### Extracted information
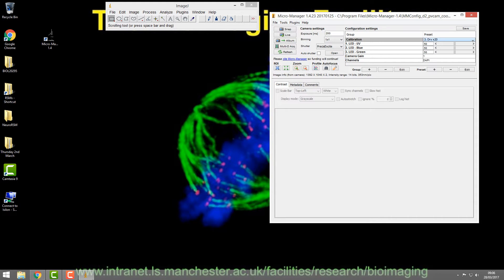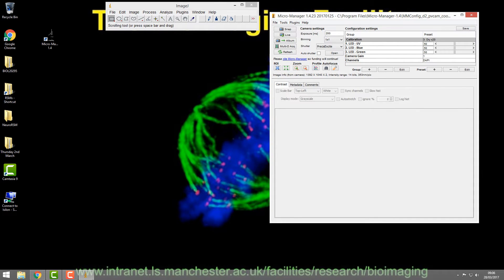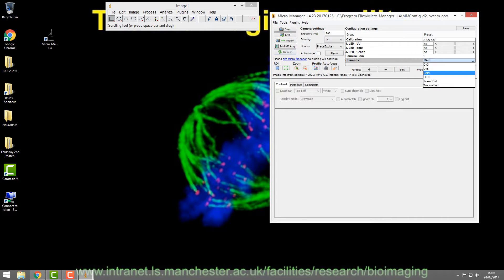We're on the 20x at the moment, so this is linked to the 20x. If you change to 10x by just twisting the nosepiece, you then have to tell the software you're using the 10x. If you get it wrong, your calibrations will be wrong. You can correct that in ImageJ later, but mainly this is how you control it via the Channels tab.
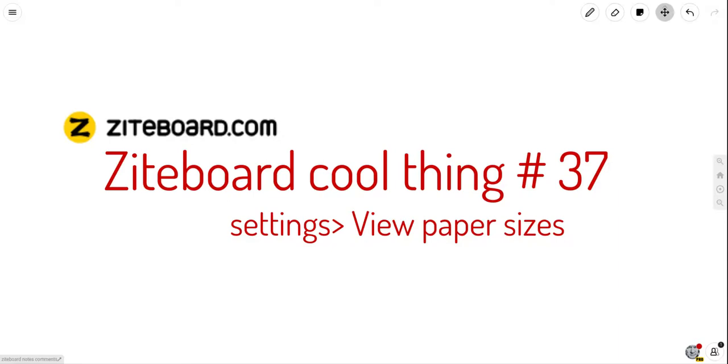And this is Ziteboard cool thing number 37, settings, view paper sizes.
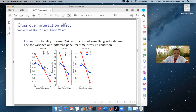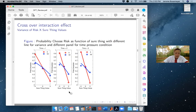We get a crossover interaction, and it changes across the time pressure conditions — it's getting more extreme for the low risk conditions. When you should be taking the sure thing it's getting lower; when you should be taking the risk it's getting higher. So we got all three factors — mean difference, variance, and time pressure — showing up in the results.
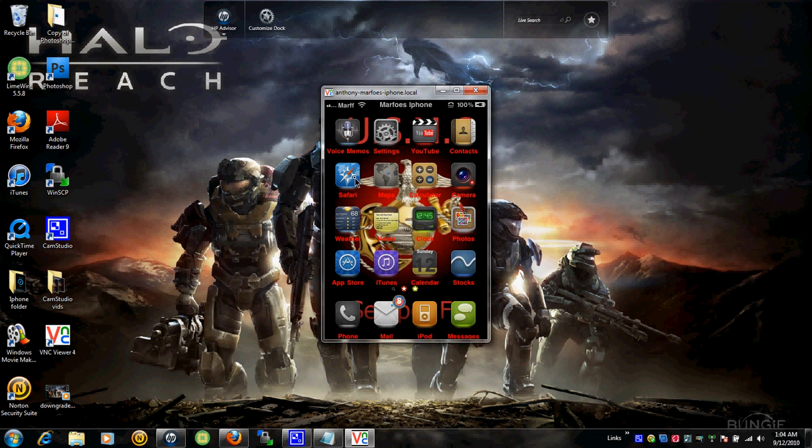Note, you have to be below or at 4.0.1. If you're past 4.0.1, as in 4.0.2, you can't use it. Jailbreak Me has not updated yet. They should. I'm not saying they're going to, but they should.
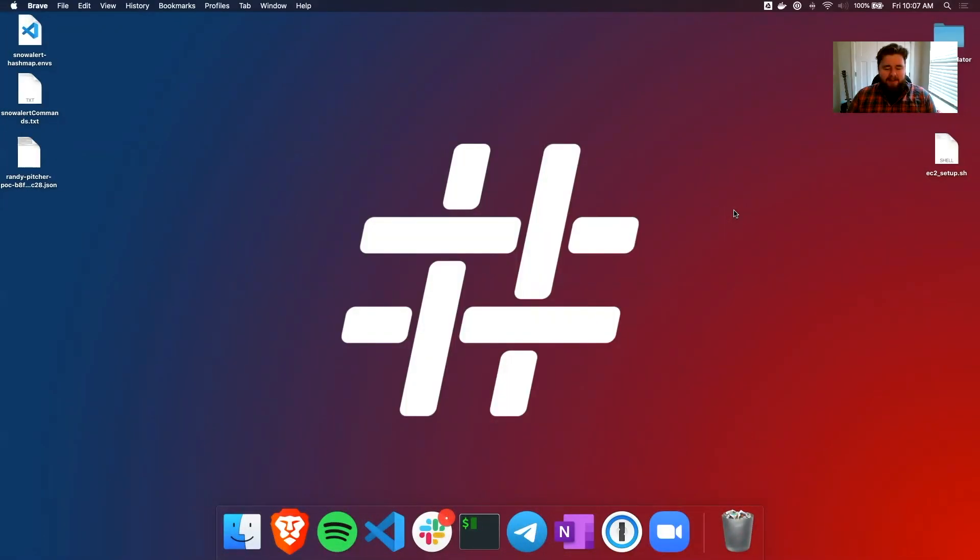Hello, and welcome to the first episode of HASHMAP MEGABYTES, the video series that explains cloud ideas in bite-sized chunks. Today we are going to log into AWS, create an EC2 instance from scratch, and set it up for a Python environment.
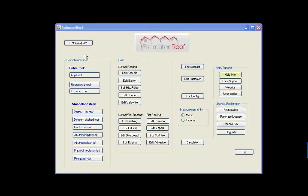Estimate a roof, any roof screen. The any roof screen here allows you to estimate for anything not covered by any of these other screens down here.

### What is needed
Give the listing again word for word. Skip every image.

### Task solution
We're on the 20x at the moment, so this is linked to the 20x. If you change to 10x by just twisting the nosepiece, you then have to tell the software you're using the 10x. If you get it wrong, your calibrations will be wrong. You can correct that in ImageJ later, but mainly this is how you control it via the Channels tab.
And this is Ziteboard cool thing number 37, settings, view paper sizes.
We get a crossover interaction, and it changes across the time pressure conditions — it's getting more extreme for the low risk conditions. When you should be taking the sure thing it's getting lower; when you should be taking the risk it's getting higher. So we got all three factors — mean difference, variance, and time pressure — showing up in the results.
Note, you have to be below or at 4.0.1. If you're past 4.0.1, as in 4.0.2, you can't use it. Jailbreak Me has not updated yet. They should. I'm not saying they're going to, but they should.
Hello, and welcome to the first episode of HASHMAP MEGABYTES, the video series that explains cloud ideas in bite-sized chunks. Today we are going to log into AWS, create an EC2 instance from scratch, and set it up for a Python environment.
Estimate a roof, any roof screen. The any roof screen here allows you to estimate for anything not covered by any of these other screens down here.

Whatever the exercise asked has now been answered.